Allows adding a new async call with schedule_async_request and finalizing active calls with maybe_finalize_async_calls.
- maybe_finalize_async_calls(blocking=False, no_dist=True)[source]
Finalizes all available calls.
This method must be called on all ranks.
- Parameters:
- Returns:
- list of indices (as returned by schedule_async_request)
of async calls that have been successfully finalized.
- Return type:
List[int]
- schedule_async_request(async_request)[source]
Start a new async call and add it to a queue of active async calls.
This method must be called on all ranks.
- Parameters:
async_request (AsyncRequest) – async request to start.
- Returns:
- index of the async call that was started.
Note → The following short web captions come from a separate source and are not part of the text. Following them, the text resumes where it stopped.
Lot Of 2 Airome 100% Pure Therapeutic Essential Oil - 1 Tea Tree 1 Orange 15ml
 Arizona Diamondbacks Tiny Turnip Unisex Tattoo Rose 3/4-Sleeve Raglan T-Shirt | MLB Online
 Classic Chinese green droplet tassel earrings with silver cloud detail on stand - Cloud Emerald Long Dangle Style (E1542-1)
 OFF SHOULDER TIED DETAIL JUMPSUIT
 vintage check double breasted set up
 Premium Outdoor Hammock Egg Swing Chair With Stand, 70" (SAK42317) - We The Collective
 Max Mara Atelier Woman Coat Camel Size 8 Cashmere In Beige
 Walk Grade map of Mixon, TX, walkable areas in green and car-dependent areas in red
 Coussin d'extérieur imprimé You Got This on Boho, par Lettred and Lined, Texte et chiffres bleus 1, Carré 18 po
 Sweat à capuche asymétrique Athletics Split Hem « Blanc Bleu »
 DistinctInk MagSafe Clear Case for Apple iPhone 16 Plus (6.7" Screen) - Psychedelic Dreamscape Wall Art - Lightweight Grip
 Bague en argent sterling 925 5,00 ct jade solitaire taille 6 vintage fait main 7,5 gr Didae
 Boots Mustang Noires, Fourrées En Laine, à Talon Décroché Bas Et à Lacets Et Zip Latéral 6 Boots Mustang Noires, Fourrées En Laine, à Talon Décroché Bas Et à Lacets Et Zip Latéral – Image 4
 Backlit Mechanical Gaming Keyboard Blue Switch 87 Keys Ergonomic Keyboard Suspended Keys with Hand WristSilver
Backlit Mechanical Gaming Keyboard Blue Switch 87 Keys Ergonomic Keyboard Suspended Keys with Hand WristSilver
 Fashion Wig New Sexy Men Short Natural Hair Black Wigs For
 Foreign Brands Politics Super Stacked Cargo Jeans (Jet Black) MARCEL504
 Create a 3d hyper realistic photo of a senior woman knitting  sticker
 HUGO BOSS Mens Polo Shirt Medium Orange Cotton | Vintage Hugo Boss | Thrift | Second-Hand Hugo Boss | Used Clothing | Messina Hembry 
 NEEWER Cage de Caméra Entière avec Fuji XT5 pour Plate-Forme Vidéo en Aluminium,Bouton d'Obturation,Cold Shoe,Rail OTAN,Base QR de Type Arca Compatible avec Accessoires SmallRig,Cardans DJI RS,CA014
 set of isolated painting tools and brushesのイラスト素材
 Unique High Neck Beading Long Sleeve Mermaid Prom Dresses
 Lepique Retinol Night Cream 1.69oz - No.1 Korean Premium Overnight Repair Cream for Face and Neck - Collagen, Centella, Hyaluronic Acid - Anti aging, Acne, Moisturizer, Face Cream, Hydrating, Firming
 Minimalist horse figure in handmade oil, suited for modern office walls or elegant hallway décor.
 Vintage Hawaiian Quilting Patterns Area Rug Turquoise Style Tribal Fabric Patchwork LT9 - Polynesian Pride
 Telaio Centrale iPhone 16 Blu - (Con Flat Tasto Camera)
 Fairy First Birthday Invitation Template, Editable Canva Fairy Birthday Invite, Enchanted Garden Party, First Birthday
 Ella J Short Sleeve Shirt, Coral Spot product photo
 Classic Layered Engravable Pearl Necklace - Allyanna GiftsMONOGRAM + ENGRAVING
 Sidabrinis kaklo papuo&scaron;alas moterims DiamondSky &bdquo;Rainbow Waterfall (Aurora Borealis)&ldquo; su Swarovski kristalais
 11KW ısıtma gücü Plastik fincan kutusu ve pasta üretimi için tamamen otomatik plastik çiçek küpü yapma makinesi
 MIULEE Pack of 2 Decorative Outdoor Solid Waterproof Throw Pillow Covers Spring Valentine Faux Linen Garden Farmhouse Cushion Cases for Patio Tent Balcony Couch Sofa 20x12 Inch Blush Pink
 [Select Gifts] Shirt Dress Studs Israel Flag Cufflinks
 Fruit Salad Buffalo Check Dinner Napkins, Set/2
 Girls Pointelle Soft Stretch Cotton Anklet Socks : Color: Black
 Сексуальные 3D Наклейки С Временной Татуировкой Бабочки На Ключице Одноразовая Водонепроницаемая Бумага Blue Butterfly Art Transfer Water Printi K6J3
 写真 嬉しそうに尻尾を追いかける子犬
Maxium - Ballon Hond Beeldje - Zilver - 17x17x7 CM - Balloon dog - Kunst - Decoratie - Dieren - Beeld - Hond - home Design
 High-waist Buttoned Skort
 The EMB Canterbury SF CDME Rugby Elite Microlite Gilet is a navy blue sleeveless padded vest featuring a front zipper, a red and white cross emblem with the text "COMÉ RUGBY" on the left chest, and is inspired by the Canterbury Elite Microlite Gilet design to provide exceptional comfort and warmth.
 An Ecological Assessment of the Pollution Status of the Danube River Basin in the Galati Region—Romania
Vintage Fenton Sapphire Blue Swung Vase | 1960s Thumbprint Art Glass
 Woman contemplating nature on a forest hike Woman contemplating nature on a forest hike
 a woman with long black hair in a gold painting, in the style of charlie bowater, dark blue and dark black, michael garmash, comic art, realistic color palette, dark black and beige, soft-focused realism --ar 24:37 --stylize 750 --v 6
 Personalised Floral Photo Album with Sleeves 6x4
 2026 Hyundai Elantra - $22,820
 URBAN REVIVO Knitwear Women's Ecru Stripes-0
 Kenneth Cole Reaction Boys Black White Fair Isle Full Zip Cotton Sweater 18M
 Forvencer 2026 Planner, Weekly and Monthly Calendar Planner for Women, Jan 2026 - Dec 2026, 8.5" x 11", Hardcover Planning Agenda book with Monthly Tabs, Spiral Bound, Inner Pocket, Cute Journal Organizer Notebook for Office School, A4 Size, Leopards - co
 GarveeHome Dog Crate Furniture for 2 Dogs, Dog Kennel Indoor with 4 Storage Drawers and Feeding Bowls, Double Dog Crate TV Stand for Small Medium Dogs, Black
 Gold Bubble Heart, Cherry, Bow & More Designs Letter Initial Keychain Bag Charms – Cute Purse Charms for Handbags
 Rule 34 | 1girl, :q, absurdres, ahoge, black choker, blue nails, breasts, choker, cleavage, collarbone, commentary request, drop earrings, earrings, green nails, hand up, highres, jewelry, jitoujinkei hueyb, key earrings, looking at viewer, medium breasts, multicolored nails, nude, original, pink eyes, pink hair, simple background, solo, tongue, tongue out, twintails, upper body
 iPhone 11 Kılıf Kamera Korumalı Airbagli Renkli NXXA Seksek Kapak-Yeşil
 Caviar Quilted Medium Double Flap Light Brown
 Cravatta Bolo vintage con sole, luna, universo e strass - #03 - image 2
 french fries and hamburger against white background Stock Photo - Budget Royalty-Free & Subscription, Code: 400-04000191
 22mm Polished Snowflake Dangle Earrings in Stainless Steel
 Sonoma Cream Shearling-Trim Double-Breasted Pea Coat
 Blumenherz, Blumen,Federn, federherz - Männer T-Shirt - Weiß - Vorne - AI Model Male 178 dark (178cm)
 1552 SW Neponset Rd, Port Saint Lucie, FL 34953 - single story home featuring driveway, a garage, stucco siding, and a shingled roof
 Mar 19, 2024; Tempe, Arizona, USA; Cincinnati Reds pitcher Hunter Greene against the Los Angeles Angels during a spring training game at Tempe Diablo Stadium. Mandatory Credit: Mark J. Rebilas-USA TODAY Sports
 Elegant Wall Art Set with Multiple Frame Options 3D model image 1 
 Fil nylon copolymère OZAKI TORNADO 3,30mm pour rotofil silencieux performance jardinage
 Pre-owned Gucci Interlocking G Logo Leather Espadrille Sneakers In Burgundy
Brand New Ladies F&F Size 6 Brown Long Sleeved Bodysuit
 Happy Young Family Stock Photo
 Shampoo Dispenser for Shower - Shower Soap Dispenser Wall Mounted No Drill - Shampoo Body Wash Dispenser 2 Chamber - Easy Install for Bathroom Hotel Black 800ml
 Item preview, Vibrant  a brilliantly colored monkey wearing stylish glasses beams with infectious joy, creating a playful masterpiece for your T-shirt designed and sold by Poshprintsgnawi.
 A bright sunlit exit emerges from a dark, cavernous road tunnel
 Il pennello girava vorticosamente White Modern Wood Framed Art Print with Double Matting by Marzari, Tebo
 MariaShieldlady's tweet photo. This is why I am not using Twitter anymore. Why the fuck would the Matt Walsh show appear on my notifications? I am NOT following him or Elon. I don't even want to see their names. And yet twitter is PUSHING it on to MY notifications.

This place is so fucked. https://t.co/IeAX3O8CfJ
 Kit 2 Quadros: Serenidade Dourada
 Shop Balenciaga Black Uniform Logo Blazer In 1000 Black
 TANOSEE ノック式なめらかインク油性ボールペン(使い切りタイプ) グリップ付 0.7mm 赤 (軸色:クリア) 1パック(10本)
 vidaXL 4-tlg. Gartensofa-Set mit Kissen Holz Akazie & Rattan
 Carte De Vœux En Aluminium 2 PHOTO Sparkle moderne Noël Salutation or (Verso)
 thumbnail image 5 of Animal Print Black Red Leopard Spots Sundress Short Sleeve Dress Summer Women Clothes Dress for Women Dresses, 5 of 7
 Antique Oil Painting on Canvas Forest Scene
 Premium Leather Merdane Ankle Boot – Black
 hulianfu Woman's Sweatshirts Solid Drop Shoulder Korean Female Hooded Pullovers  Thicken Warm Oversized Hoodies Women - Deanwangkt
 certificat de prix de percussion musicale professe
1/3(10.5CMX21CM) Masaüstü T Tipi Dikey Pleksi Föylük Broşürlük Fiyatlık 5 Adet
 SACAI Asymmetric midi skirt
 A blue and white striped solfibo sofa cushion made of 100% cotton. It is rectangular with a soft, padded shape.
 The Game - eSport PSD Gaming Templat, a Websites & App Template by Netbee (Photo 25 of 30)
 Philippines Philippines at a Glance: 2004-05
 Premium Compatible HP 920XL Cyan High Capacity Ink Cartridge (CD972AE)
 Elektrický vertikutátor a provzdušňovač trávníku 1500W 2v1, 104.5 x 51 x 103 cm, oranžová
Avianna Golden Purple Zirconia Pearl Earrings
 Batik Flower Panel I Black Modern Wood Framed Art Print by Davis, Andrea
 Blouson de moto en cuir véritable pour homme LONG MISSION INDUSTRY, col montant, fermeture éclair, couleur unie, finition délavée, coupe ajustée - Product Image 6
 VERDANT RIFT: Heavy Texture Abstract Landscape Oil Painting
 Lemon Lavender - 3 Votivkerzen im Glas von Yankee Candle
This can help the user keep track of the async calls.
- Return type:
- class nvidia_resiliency_ext.checkpointing.async_ckpt.core.AsyncRequest(async_fn, async_fn_args, finalize_fns, async_fn_kwargs={}, is_frozen=False)[source]
Bases:
NamedTuple
Represents an async request that needs to be scheduled for execution.
- Parameters:
async_fn (Callable, optional) – async function to call. None represents noop.
async_fn_args (Tuple) – args to pass to async_fn.
finalize_fns (List[Callable]) – list of functions to call to finalize the request. These functions will be called synchronously after async_fn is done on all ranks.
async_fn_kwargs (Dict)
is_frozen (bool)
Create new instance of AsyncRequest(async_fn, async_fn_args, finalize_fns, async_fn_kwargs, is_frozen)
- add_finalize_fn(fn)[source]
Adds a new finalize function to the request.
- Parameters:
fn (Callable) – function to add to the async request. This function will be called after existing finalization functions.
- Returns:
None
- Return type:
None
- execute_sync()[source]
Helper to synchronously execute the request.
This logic is equivalent to what should happen in case of the async call.
- Return type:
None
- class nvidia_resiliency_ext.checkpointing.async_ckpt.core.DistributedAsyncCaller[source]
Bases:
object
Wrapper around mp.Process that ensures correct semantic of distributed finalization.
Starts process asynchronously and allows checking if all processes on all ranks are done.
- is_current_async_call_done(blocking=False, no_dist=True)[source]
Check if async save is finished on all ranks.
For semantic correctness, requires rank synchronization in each check. This method must be called on all ranks.
- Parameters:
- Returns:
- True if all ranks are done (immediately of after active wait
if blocking is True), False if at least one rank is still active.
- Return type:
- schedule_async_call(async_fn, save_args, save_kwargs={})[source]
Spawn a process with async_fn as the target.
This method must be called on all ranks.
- Parameters:
async_fn (Callable, optional) – async function to call. If None, no process will be started.
save_args (Tuple) – async function args.
save_kwargs (Dict) – async function kwargs. Default is None
- Return type:
None